Exercise: Everything from the line containing "Jeep - 6 Pair" through the line containing "Artisan Handmade Amethyst" should be repeated exactly, and nothing else from the data.

===== Entries shown =====

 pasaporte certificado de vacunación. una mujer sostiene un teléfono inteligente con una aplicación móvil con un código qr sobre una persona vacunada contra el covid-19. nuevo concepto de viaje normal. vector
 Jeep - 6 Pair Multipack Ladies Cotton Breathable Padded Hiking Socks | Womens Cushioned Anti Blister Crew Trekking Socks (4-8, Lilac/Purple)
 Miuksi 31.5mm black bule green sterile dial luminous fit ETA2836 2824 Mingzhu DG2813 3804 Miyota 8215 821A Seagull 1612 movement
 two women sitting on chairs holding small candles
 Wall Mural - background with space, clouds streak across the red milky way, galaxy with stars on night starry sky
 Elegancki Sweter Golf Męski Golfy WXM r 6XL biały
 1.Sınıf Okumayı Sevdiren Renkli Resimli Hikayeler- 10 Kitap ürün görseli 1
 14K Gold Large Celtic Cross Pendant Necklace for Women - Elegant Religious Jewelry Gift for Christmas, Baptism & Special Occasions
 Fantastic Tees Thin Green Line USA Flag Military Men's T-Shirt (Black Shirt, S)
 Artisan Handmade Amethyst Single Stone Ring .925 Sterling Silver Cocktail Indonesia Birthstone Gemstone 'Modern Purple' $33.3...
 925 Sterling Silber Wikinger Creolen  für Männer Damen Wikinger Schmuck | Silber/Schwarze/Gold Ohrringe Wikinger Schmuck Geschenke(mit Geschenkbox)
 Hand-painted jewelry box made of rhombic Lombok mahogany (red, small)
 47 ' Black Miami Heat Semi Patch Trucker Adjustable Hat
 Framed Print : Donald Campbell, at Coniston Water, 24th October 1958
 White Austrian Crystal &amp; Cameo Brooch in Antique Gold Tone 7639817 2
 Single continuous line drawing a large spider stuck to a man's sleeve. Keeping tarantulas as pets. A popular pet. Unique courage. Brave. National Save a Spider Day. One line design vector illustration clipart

=====

Response for this exercise:
 Jeep - 6 Pair Multipack Ladies Cotton Breathable Padded Hiking Socks | Womens Cushioned Anti Blister Crew Trekking Socks (4-8, Lilac/Purple)
 Miuksi 31.5mm black bule green sterile dial luminous fit ETA2836 2824 Mingzhu DG2813 3804 Miyota 8215 821A Seagull 1612 movement
 two women sitting on chairs holding small candles
 Wall Mural - background with space, clouds streak across the red milky way, galaxy with stars on night starry sky
 Elegancki Sweter Golf Męski Golfy WXM r 6XL biały
 1.Sınıf Okumayı Sevdiren Renkli Resimli Hikayeler- 10 Kitap ürün görseli 1
 14K Gold Large Celtic Cross Pendant Necklace for Women - Elegant Religious Jewelry Gift for Christmas, Baptism & Special Occasions
 Fantastic Tees Thin Green Line USA Flag Military Men's T-Shirt (Black Shirt, S)
 Artisan Handmade Amethyst Single Stone Ring .925 Sterling Silver Cocktail Indonesia Birthstone Gemstone 'Modern Purple' $33.3...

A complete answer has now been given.